Violence feared after key Thai elections

BANGKOK, June 28, 2011 (AFP) - The divisions that plague Thai society will deepen further after Sunday's election unless arch-enemies within the political realm agree to respect the verdict of the polls, analysts say.

Ahead of the July 3 vote which is crucial to the future of the Southeast Asian nation, few observers expect the winner will be able to quietly take power for a four-year term and face opposition merely from within parliament.

AFP - A Thai street food vendor stands amid electoral posters in Bangkok on June 28, 2011.

The election is largely a battle between the establishment-backed, ruling Democrats led by Prime Minister Abhisit Vejjajiva, and the opposition Puea Thai, spearheaded from exile by former premier Thaksin Shinawatra.

Five years on from a military coup that deposed Thaksin and triggered years of bloody political crisis, the billionaire remains a figure who crystallises debate in Thailand, where he is still both widely adored and hated.

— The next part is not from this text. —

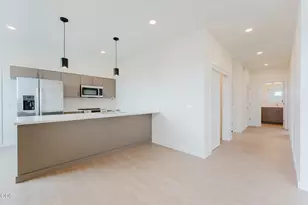 211 NW 17th St, Redmond, OR 97756 - Photo 5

Two major political movements have formed around his personality: the anti-Thaksin, royalist "Yellow Shirts" tacitly backed by the nation's elites, and the largely working-class and rural "Red Shirts" who are his loyalists.

The years since Thaksin's expulsion from power have been marked by mass street rallies by both movements.

Last year the Reds brought Bangkok to a standstill with a two month-long demonstration that drew an estimated 100,000 people at its peak, and ended in an army crackdown that left more than 90 people dead.

Many observers fear a resurgence of street demonstrations over the coming months.

"This election will lead to more violence and unrest because no matter who forms the next government, be it the Puea Thai or be it the Democrats, there will be protesters in the streets opposing these parties," said Paul Chambers, a senior research fellow at Payap University in northern Chiang Mai city.

"That means that neither party can really claim legitimacy, a mandate from the entire Thai people."

Another factor is the country's long tradition of electoral irregularities. Only one international monitoring group, and no foreign governments, will send observers to polling stations.

Aswin Kongsiri, a Thai businessman on the board of several companies and the Stock Exchange of Thailand, said it was very important that the elections were seen to be "as fair as possible".

"If one side believes it is unfair, because of the intervention of the military, because of the buying of voters, because of stuffing of the ballots, -- all of that can happen -- that could cause the losing side to take to the streets."

Thailand's army is frequently cited by analysts in possible worst case scenarios that could engulf the nation: their intervention to overthrow Thaksin in 2006 was just the latest of 18 actual or attempted coups since 1932.

Thaksin's youngest sister Yingluck, a 44-year-old political novice and businesswoman, is the opposition's candidate for premier.

Smiling and photogenic, she has quickly gathered momentum and taken the lead over Abhisit in the polls, including even in the capital -- the establishment's heartland.

She is expected to clinch a minority win which would give her the chance to try to form a coalition government.

But the question remains whether Thailand's elite would accept the return of Thaksin's allies to power. His party has raised the possibility of a general amnesty for politicians, which would pave the way for his homecoming.

From his base in Dubai, the former telecoms tycoon has repeatedly expressed his keenness to attend his daughter's wedding in Thailand in December -- a prospect that horrifies the elites.

"It's time to get rid of the poison of Thaksin," Abhisit told a campaign rally recently, pointedly held at the main site of last year's rival Red Shirt demonstration.

If voters did not support the ruling party, "in the future Thai people will be held hostage by people who love violence," Abhisit added, marking an aggressive turn in the campaign with a willingness to demonise the opposition.

Among the scenarios that could prevent Thaksin's allies from taking power would be a court decision that disqualified them from ruling. The Democrats could also put pressure on minority parties to refuse to work with Yingluck.

A third politician from a minority group, not subservient to either of the two major parties, could also exploit the divisions to manoeuvre himself into the key post.

But beyond the partisan negotiations, the crucial player is the rich and powerful army.

"We must accept political reality," said Pichai Chuensuksawadi, editor in chief of the Bangkok Post daily.

"The military through the decade, in various degrees, has played a political role despite public declarations", he said.

For the country to move forward, if the Puea Thai wins on Sunday, "an understanding needs to be reached with the military".